Let P denote the picture and FT(P) the fourier transform of the picture.

Let M#P denote the convolution of M and P

Then FT(M#P) = FT(M)*FT(P) (point-wise multipliaction)

If FT(M) has entries with zeroes in it, these zeroes will cancel their
respective pixels in FT(P). This of course means that FT(M#P) can no
longer be FT(P). Unfortunatly almost all FT(M) would have zeroes
somewhere, if the convolution matrix would have image size.

The matrix convolution can be computed very effectively and it is quite
powerful, especially for small matrices. Fortunately it now works in
Gimp 2.10.22 (it did not work in earlier versions of 2.10) and
fortunately now we can load and store the convolution matrices.

I frequently convolve scans of documents with something like this

0    0    0    0    0

0   -1   -1   -1   0

0   -1    c   -1   0

0   -1   -1   -1   0

0    0    0    0    0

wherer c ins the centre-weight, a number which is larger than the
negative value of the sum of all other (negative) weights, e.g. c
somewhere in the range 9...12.

This matrix convolution subtracts from each pixel a weighted mean of the
surrounding ones. The purpose of such a filter is to remove background
like shadows or stains from the document before I apply OCR to it
(that's why I do this operation). By choosing c larger than the negative
sum of the surrounding ones, you can give the original picture more
emphasis than to the reduction of the background.

My convolution filter has some "differentiating property" which lets it
emphasize noise in the picture. In order to mitigate that, one can first
apply some gaussian filter. Another way is to integrate the the blurring
(local average) into the convolution matrix, i.e. simultaneously do some
kind of smoothing for the centre, for example

-1  -1  -1  -1  -1

-1    c   c   c  -1

-1    c   c   c  -1

-1    c   c   c  -1

-1  -1  -1  -1  -1

with some appropriate centre weight such that the sum of the c's ie a
bit larger that the negative sum of the -1's around. The centre part is
a box convolution which makes the image unsharp. (It would be nice if
one could change all the centre- weights in one place, but once you
think about that, you trigger the desire to shape the centre weights
like a bell shaped function, which comes closer to gaussian unsharpness.
Indeed, Gaussian unsharpness can almost be approximted by several times
folding with a box function with only positive values).

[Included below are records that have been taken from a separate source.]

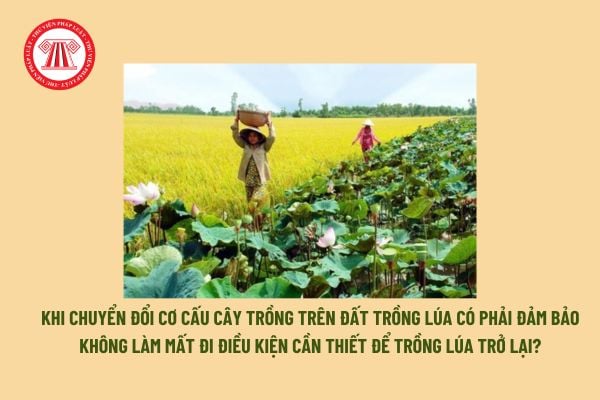 Khi chuyển đổi cơ cấu cây trồng trên đất trồng lúa có phải đảm bảo không làm mất đi điều kiện cần thiết để trồng lúa trở lại?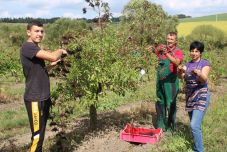 Nehéz vele dolgozni, de idővel jövedelmező: az ország egyik első bodzaültetvényén jártunk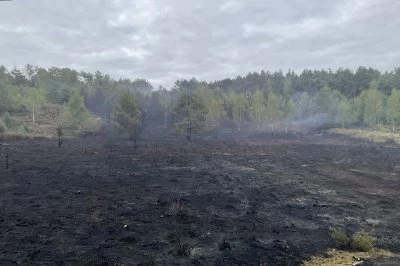Zicht op een afgebrand gebied met verspreide rook en enkele groene bomen op de achtergrond.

Of course it would be great, if the convolution matrix could be made
larger than 5*5 for such folding matrices to remove background.

For removing stains and shadows, it would also be beneficial if one
could apply some gray level transformation to each pixel of the image
(e.g. given by a polynominal) before the pixel value is mutiplied with
the matrix entry in the convolution operation and to apply some other
gray  level transformation (one which mostly anihilates the first one)
on the way back before the convolution image is shown.

In addition I would whish me something where I could apply two
convolution matrices to an image: the first one acting like now, but the
second one just to compute some "comparison value" which is used to set
the pixel to "black" if the outcome of the first mentioned convolution
is greater or equal to the outcome of the second convolution. Think of
the second convolution going to some "alpha channel".